正月の風物詩として多くの人が注目した「箱根駅伝」。
選手たちは長距離を走るだけでなく、大学ごとのチーム戦略や緻密なトレーニング、そして仲間と襷(たすき)を繋ぐドラマが魅力的です。
一見、企業のマーケティング活動とは無関係に思えますが、実はこの駅伝の戦い方にはビジネスにも活かせるヒントが多数あると思っています。
特に“長期戦略”という視点では、箱根駅伝から学ぶことが多いのです。
箱根駅伝は1区間あたり20km前後の長距離を、全10区間で走り抜きます。
つまり、短期間で成果を出す100m走などと異なり、長期的な視点と継続的なトレーニングが勝敗を左右するのです。
これは、マーケティングにおいても同様で、短期キャンペーンだけではなく、長期的なブランド認知や信頼構築、リピーター獲得を狙う計画が欠かせないと考えます。
短距離ではなく長距離を走るからこそ見える
「継続性」の重要性
ここでは箱根駅伝の特徴を例に、“長距離走”と“マーケティング”の共通点を探っていきます。
ポイント1:駅伝の“区間配置”は
マーケティング施策における“リソース配分”と同じ
箱根駅伝では、各大学の監督が選手の力・得意分野・コース特性を見極めながら区間配置を決定します。
たとえば、山登りに強い選手を5区(往路最後の山登り)に配置したり、エースを他大学のエースとぶつけるような戦略を取ったりするわけです。
マーケティングにおいては、この区間配置が“リソース配分”にあたります。
限られた予算や人材、時間をいかに有効に振り分け、最適な施策を組み合わせるか。
自社の強み(商品力・サービス品質・認知度など)や競合環境を踏まえ、どの顧客層にどうアプローチするのかが勝負どころだと言われています。
具体例:
- 広告出稿:テレビCM、SNS広告、イベントなど、最適なメディアを選択し予算配分する
- 人材配置:エース級の営業担当を新規開拓に集中させるのか、それとも既存顧客深耕に回すのか
- プロモーション施策:セール、キャンペーン、タイアップ企画など、時期やターゲットに合わせて選択
ポイント2:ペルソナ設定やターゲティングは
区間の特徴と選手の走力を照らし合わせる作業
駅伝では、各区間の距離・高低差・気象条件などの特徴を把握し、それに合わせて最適な選手を選びます。
たとえば、平坦が得意な選手を“アップダウンが少ない区間”に配置したり、スタミナに自信のある選手を“距離が長めの区間”に配置したりするそうです。

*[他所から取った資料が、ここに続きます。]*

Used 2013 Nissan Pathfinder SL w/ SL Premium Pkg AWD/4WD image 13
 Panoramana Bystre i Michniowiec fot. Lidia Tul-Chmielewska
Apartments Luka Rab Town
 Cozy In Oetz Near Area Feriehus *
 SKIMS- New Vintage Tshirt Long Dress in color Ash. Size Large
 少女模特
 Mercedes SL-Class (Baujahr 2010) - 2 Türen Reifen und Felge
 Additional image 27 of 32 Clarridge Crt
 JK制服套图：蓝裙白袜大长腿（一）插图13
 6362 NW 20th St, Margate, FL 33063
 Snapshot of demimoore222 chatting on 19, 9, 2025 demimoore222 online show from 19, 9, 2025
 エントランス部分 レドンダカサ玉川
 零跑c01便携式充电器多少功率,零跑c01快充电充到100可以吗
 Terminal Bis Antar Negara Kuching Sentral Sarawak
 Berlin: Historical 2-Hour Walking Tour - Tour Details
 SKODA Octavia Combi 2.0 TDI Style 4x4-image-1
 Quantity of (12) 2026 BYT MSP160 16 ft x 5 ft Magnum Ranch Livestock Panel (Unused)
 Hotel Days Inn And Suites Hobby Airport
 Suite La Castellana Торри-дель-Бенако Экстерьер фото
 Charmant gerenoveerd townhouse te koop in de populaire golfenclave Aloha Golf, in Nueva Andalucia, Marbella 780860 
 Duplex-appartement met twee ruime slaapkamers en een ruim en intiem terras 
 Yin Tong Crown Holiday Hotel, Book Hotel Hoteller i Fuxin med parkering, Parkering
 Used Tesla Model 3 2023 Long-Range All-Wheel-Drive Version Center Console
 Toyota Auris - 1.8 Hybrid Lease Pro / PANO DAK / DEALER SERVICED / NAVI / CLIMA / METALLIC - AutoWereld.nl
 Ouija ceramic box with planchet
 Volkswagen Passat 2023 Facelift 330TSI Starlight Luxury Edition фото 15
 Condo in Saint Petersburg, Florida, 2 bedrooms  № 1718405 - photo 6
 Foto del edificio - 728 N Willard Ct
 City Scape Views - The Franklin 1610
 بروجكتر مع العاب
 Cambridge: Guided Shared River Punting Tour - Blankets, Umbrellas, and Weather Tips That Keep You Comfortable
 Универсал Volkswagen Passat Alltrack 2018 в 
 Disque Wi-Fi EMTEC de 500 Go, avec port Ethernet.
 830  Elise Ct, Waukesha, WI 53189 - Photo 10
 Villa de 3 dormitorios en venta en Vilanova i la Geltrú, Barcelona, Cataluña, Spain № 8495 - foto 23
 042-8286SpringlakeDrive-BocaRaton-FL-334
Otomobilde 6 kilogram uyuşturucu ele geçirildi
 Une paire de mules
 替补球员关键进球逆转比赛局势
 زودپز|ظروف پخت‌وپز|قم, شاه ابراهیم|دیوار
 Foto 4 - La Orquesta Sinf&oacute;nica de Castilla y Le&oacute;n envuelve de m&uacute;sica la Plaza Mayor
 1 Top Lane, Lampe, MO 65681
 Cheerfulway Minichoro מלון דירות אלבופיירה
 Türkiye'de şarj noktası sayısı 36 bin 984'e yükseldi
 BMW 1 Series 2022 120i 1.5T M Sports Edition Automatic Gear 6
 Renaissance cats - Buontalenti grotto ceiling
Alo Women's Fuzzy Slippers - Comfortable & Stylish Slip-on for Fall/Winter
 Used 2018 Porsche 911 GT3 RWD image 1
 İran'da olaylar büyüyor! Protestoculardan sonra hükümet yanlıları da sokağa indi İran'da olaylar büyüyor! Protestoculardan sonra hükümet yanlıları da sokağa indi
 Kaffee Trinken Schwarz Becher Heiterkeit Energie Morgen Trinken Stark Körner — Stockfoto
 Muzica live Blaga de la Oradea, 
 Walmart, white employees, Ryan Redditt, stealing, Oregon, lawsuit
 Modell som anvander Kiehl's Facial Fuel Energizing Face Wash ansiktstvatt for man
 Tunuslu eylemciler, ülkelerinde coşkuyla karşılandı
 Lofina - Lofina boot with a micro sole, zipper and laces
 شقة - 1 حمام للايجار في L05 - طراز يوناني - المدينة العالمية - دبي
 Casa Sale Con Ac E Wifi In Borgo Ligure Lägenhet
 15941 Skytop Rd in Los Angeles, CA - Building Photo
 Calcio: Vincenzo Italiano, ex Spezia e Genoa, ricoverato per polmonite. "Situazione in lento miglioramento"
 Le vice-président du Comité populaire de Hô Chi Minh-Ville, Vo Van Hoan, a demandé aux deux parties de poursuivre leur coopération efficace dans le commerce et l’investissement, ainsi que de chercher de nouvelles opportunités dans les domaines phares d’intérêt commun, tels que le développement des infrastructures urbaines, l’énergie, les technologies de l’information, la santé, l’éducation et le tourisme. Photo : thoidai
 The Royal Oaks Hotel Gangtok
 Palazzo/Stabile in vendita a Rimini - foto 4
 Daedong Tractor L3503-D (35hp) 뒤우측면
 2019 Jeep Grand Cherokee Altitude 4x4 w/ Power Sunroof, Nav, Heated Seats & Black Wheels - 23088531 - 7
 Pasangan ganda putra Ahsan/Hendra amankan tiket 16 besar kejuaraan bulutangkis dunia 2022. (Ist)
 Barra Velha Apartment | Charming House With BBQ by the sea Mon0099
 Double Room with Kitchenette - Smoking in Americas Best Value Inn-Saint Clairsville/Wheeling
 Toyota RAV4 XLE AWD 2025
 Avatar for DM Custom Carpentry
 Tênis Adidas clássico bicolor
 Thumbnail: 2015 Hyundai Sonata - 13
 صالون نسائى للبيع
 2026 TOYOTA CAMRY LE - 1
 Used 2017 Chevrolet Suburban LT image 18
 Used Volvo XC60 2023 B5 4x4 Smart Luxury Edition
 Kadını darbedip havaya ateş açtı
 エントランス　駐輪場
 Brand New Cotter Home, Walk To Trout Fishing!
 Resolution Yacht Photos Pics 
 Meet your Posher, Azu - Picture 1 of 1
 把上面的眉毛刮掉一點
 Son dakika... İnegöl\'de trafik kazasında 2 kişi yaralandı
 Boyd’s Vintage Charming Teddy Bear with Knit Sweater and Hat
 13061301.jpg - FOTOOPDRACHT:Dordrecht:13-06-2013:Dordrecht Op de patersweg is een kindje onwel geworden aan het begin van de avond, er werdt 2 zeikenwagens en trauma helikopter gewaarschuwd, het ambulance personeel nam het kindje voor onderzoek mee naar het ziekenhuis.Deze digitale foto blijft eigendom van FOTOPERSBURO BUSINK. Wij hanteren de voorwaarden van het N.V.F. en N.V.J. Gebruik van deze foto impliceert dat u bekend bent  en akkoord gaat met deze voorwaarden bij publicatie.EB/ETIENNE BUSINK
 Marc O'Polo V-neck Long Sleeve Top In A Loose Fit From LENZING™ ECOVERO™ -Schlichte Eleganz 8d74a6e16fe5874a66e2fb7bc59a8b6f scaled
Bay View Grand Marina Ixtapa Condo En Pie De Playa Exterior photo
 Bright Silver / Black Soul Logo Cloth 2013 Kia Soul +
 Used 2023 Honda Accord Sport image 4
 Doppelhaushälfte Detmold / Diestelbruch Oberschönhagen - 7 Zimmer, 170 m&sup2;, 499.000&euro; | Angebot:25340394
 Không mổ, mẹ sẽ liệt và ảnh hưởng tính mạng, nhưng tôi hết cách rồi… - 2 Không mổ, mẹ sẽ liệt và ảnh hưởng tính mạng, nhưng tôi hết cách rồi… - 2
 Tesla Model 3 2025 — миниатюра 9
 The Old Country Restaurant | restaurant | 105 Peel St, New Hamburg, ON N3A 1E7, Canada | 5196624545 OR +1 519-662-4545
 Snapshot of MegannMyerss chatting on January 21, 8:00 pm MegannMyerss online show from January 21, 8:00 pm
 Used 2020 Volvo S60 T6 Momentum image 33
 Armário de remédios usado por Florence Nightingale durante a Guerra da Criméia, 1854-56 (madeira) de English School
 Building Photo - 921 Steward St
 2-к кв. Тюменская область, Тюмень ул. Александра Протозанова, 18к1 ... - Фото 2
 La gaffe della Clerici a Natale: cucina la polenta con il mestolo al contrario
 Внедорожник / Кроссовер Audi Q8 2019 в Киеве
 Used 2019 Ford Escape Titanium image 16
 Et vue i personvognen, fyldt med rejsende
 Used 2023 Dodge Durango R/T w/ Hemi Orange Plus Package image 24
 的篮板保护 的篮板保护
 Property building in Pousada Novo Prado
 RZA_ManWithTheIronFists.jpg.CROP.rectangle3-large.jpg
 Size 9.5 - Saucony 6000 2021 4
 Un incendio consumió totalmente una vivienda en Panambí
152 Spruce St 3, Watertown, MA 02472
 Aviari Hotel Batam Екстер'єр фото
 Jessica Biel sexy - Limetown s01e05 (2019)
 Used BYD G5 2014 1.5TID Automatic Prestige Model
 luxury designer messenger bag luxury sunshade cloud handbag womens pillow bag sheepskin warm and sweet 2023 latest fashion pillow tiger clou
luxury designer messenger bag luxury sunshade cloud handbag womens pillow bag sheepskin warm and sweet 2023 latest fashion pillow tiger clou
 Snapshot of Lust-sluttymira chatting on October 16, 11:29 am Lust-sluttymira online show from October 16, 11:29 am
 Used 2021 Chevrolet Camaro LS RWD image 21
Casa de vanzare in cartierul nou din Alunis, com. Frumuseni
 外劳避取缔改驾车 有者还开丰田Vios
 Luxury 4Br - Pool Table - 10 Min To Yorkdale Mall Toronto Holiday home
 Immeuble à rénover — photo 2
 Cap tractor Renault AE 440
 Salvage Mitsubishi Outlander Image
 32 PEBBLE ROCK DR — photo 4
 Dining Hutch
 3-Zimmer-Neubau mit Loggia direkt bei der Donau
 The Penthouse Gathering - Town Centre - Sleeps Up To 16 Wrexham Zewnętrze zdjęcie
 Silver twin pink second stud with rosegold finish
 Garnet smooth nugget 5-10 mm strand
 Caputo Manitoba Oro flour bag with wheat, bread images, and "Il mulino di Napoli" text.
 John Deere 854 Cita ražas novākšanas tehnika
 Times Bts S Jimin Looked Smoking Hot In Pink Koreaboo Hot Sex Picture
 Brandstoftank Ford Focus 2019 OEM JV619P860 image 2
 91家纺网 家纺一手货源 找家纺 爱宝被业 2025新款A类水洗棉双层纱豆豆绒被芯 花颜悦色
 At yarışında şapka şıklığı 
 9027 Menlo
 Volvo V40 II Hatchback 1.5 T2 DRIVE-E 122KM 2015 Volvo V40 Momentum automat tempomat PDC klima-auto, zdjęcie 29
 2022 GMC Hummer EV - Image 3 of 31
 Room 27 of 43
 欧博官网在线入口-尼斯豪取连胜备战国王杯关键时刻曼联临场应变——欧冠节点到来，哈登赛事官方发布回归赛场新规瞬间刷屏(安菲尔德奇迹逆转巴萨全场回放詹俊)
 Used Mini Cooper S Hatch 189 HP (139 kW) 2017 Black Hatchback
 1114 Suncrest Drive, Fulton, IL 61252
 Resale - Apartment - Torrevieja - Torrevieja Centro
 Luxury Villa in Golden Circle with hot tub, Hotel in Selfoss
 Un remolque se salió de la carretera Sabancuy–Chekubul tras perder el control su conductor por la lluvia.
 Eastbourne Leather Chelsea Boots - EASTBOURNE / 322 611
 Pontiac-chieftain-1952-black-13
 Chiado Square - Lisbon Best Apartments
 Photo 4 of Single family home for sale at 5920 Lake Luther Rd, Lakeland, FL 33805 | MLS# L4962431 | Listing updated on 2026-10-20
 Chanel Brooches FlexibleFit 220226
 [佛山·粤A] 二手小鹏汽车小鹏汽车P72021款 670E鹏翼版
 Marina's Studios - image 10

この考え方は、マーケティングのペルソナ設定やターゲティングに通じます。
自社の商品・サービスが「どんな人に向いているのか」「どんな課題を解決するのか」を正確に捉え、それに合わせてアプローチを変えることで効果が高まると考えます。
具体例:
- ペルソナ作成:30代男性ビジネスマン、家族層、学生などそれぞれの課題や趣味趣向を具体化
- 訴求メッセージの切り分け:同じ商品でも、ファミリー層には安心・安全、ビジネスマンには効率・時短を強調
- チャネルの選択:SNS、オウンドメディア、メルマガ、実店舗などターゲットとの接点を最適化
ポイント3:継続的な練習が功を奏するように
データ分析とPDCAサイクルを回す重要性
箱根駅伝で好成績を残すチームは、日々の練習データや選手のコンディションを細かく分析し、改善を続けています。
走り方のフォームチェックから疲労度管理、合宿での強化プランなどをPDCAサイクルで回し続け、チーム全体の底上げを図るそうです。
マーケティングでも、施策を実行して終わりではなく、その効果を分析し、改善策を検討して次の施策につなげることが不可欠です。
継続的なレビューと改善を繰り返すことで、売上・認知・ブランド力を高める長期的な戦略が構築できます。
具体例:
- データ分析:SNSの反応率、Webサイトのアクセス解析、広告のCVR(コンバージョン率)などを定期的にチェック
- PDCAサイクル:計画(Plan) → 実行(Do) → 評価(Check) → 改善(Act) の流れを施策ごとにまわす
- 長期視点での最適化:単発キャンペーンで終わらず、継続的にデータを蓄積してノウハウ化し、次期施策に反映
箱根駅伝は一日にして成るものではなく、各チームが一年以上の時間をかけて準備し、細かな調整を重ねることで本番に挑みます。
マーケティングも同様に、長期的な計画・戦略・改善の積み重ねこそが大きな成果を生み出す鍵と言えます。
短期的な売上や話題作りも重要ですが、それだけに頼らず、ブランド力の向上やリピーターの育成など、より長い視点での施策をデザインすることが大切です。
そうすることで、競合他社との差別化や継続的なファン獲得につながり、企業の成長を支える確固たる基盤が築けると考えます。
箱根駅伝での“長距離走”から学べるマーケティングのポイントを整理すると、“区間配置に見るリソース配分”、“ペルソナ設定・ターゲティングの重要性”、そして“データ分析とPDCAサイクルによる継続的な改善”の3つが挙げられます。これらを踏まえ、自社の施策を見直してみると、新たな発見や改善点が見つかるかもしれません。